Qu'est-ce que la modification post-traductionnelle?

La modification post-traductionnelle (PTM) est un processus de la biosynthèse de protéines qui survient après la traduction d'une protéine à partir d'acide ribonucléique (ARN). Le processus de traduction implique la création d'une chaîne d'acides aminés qui correspond à la matrice d'ARN. Une fois cette chaîne formée, la protéine a été synthétisée, mais elle doit souvent subir de nouvelles modifications avant de devenir totalement fonctionnelle. Ces modifications sont appelées processus de modification post-traductionnelle et comprennent la mise en forme tridimensionnelle, la formation de ponts disulfure, la phosphorylation ou l’ajout d’autres molécules.

L'une des actions de modification post-traductionnelle les plus simples qu'une protéine puisse subir consiste à adopter une forme tridimensionnelle stable appelée structure native.
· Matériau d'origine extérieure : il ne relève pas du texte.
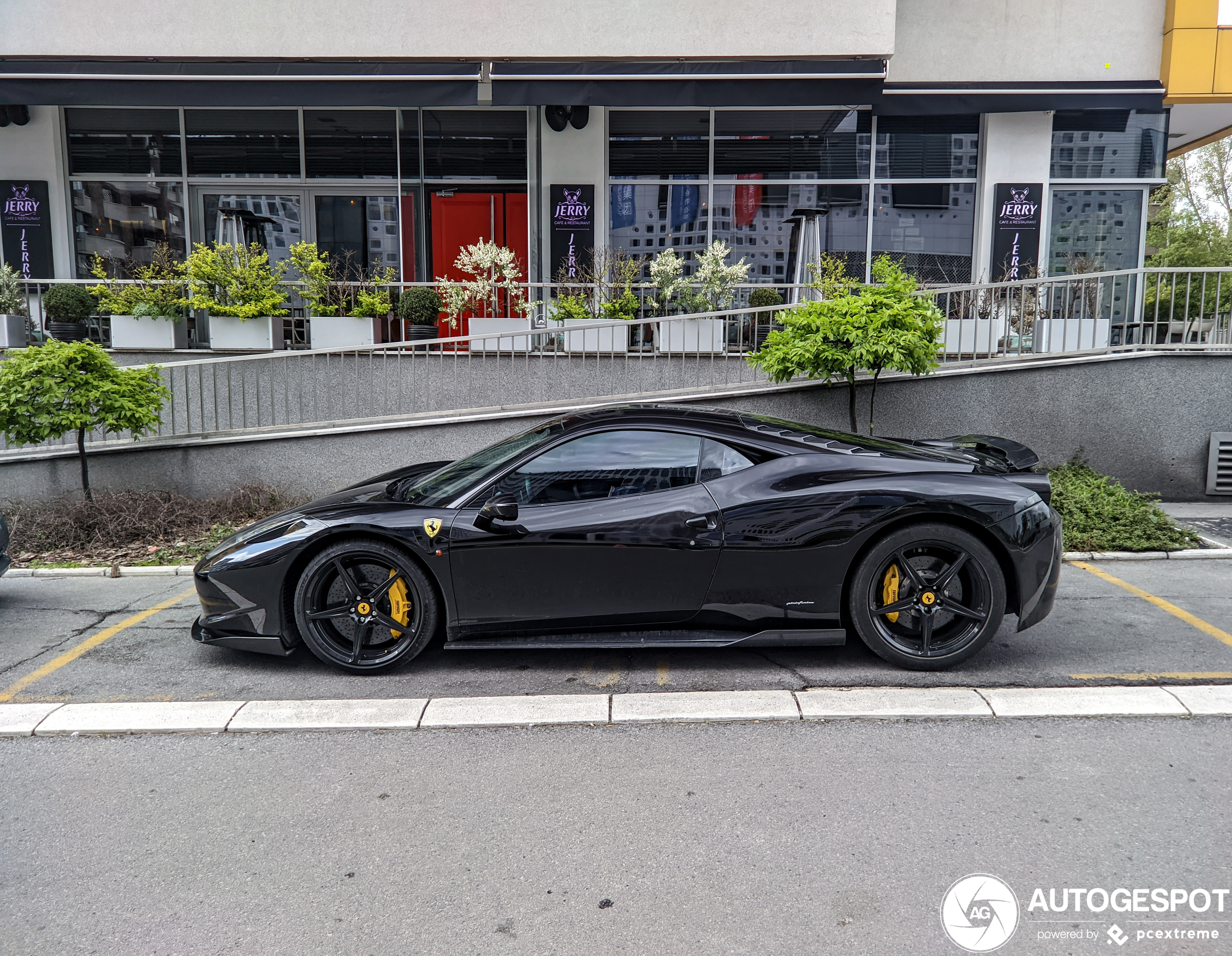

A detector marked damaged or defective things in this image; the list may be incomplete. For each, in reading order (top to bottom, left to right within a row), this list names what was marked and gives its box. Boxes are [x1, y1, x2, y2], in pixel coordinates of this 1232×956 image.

cracked pavement [0, 559, 1227, 699]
Ce processus se produit souvent directement après la traduction et il est motivé par des interactions hydrophobes. Dans la mesure où l'environnement intracellulaire est aqueux, les groupes hydrophobes qui repoussent l'eau s'agglomèrent au centre de la protéine, ce qui crée une forme énergiquement stable. Des protéines supplémentaires, appelées chaperonines, peuvent également aider les protéines nouvellement formées à se replier dans leur forme correcte.

Les ponts disulfure et les réactions de clivage protéolytique sont d'autres changements structurels post-traductionnels pouvant survenir dans les protéines. Si une protéine contient deux résidus d’acide aminé cystéine, elle peut former une liaison covalente entre les deux si elles sont correctement alignées, ce qui altère la conformation de la protéine. De la même façon, certains changements structurels se produisent à la suite du clivage protéolytique, dans lequel une enzyme coupe un morceau de la protéine après sa traduction. Un exemple de ce processus est la protéine insuline, qui reste sous forme de précurseur inactif jusqu'à ce qu'elle subisse un clivage protéolytique pour former la molécule active.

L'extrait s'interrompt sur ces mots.